Las Vegas Sands reported first quarter 2025 net revenue of $2.86 billion and net income of $408 million, down from $2.96 billion and $583 million, respectively, in the same quarter last year. Consolidated adjusted property EBITDA declined to $1.14 billion from $1.21 billion.

In Macao, adjusted property EBITDA was $535 million, impacted by $10 million due to low hold on rolling play. Revenue for the Macao operations was $1.71 billion, down 5.7% year-over-year, with net income from Sands China Ltd. falling to $202 million from $297 million. Marina Bay Sands in Singapore outperformed with adjusted property EBITDA of $605 million, up slightly from $597 million a year prior, and a margin increase to 52.0%.

LVS repurchased $450 million in common stock during the quarter and increased its total repurchase authorization to $2.0 billion. The company maintained a strong liquidity position with $3.04 billion in unrestricted cash and access to $4.44 billion in available credit. Total debt stood at $13.71 billion.

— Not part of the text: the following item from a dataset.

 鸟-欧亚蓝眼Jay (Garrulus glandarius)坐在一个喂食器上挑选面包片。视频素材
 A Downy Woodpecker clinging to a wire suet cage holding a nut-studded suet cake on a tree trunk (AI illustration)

Capital expenditures reached $379 million in the quarter, including $197 million in Macao and $175 million at Marina Bay Sands. A new SGD 7.5 billion facility was established in February to support the MBS Expansion Project.

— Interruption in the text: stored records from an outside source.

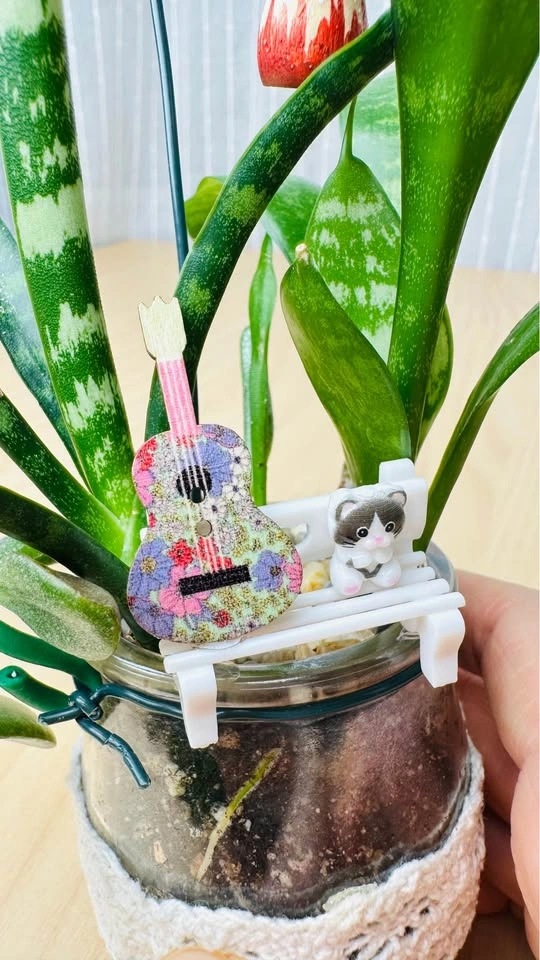 🌱Spring Sale/ cute plant arrangement - photo 4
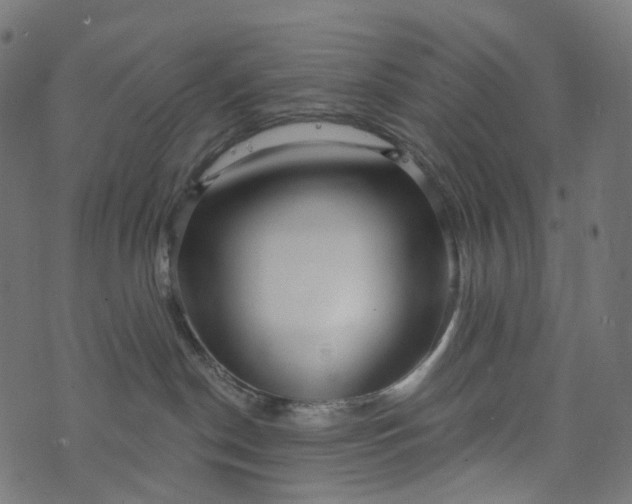 X0000073760190200608171406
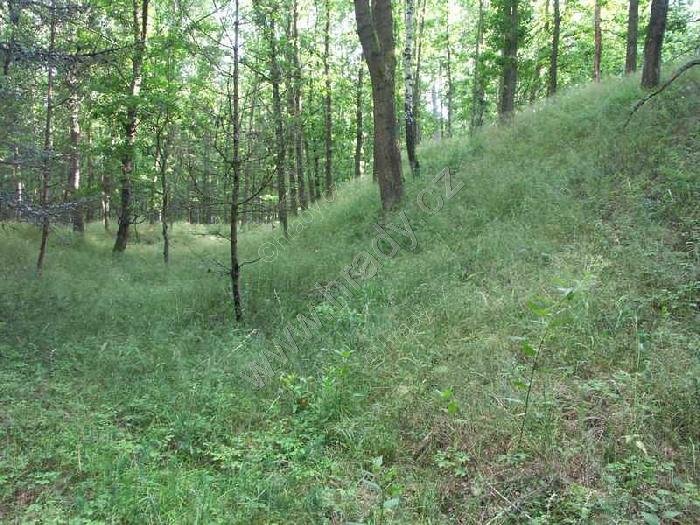 Bezemín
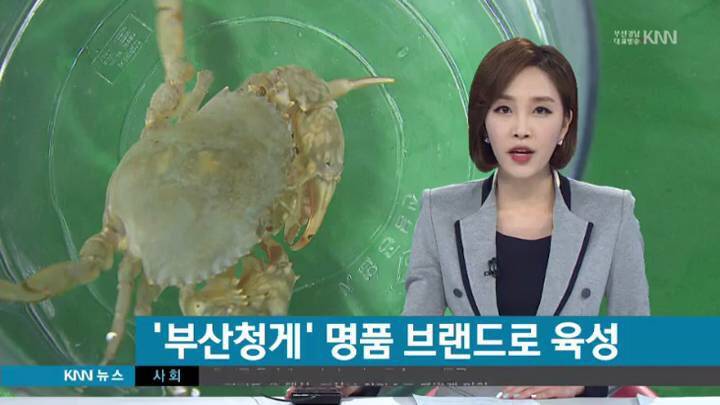 톱날꽃게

Adjusted earnings per diluted share were $0.59, down from $0.73 in Q1 2024. The tax rate rose to 13.4%, driven primarily by Singapore’s statutory rate, compared to 2.8% a year earlier.

Looking ahead, the company remains focused on its investment programs and returning capital to shareholders, citing confidence in long-term growth opportunities in Macao, Singapore, and potential new markets.